- LISTED ENTRIES -
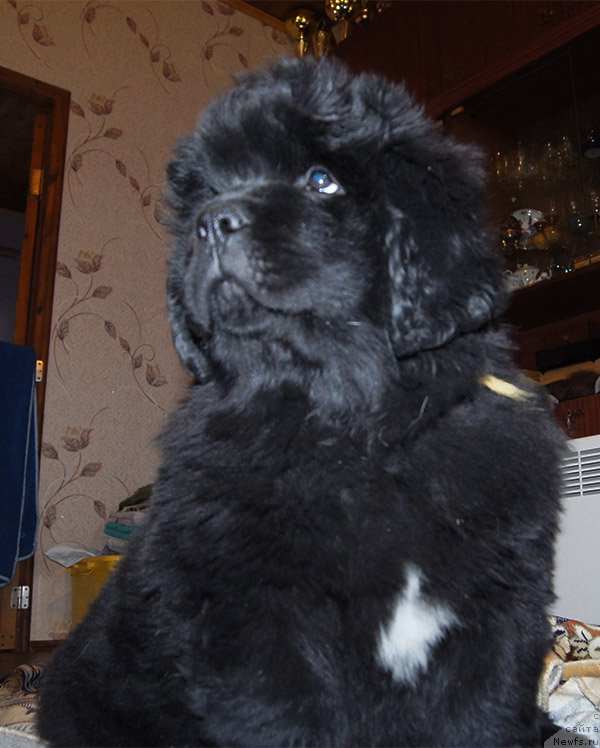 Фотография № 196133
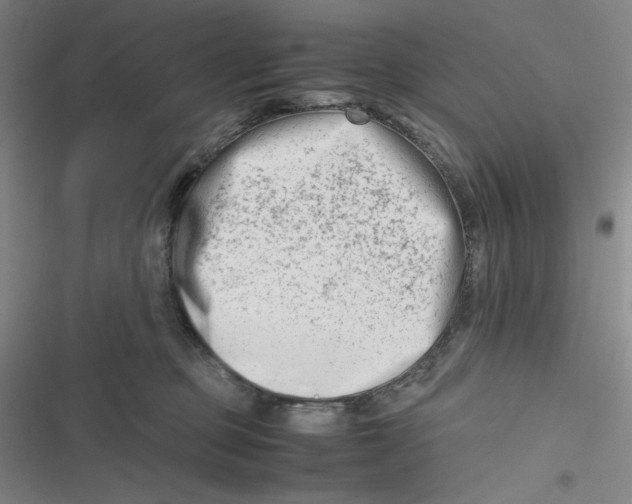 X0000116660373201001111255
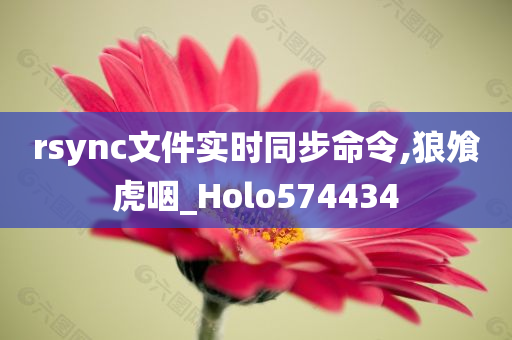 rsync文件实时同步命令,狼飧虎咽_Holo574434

---

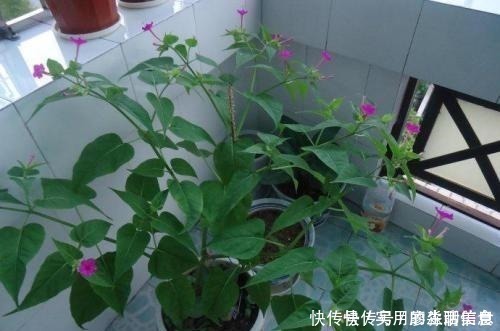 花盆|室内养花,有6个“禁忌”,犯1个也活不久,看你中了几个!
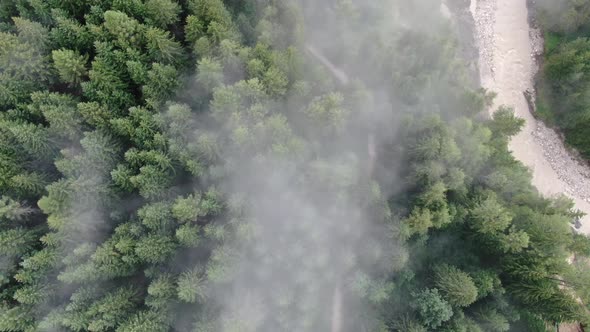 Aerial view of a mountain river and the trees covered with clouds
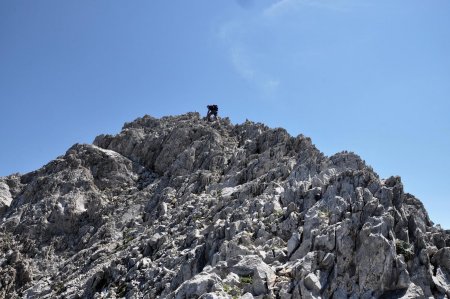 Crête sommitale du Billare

- ABOUT THIS TASK -
Word for word, repeat the lines above from the one with "X0000116660373201001111255" through the one with "rsync文件实时同步命令,狼飧虎咽_Holo574434", and nothing beyond them. Omit the pictures.

- OUTPUT FOR THIS TASK -
 X0000116660373201001111255
 rsync文件实时同步命令,狼飧虎咽_Holo574434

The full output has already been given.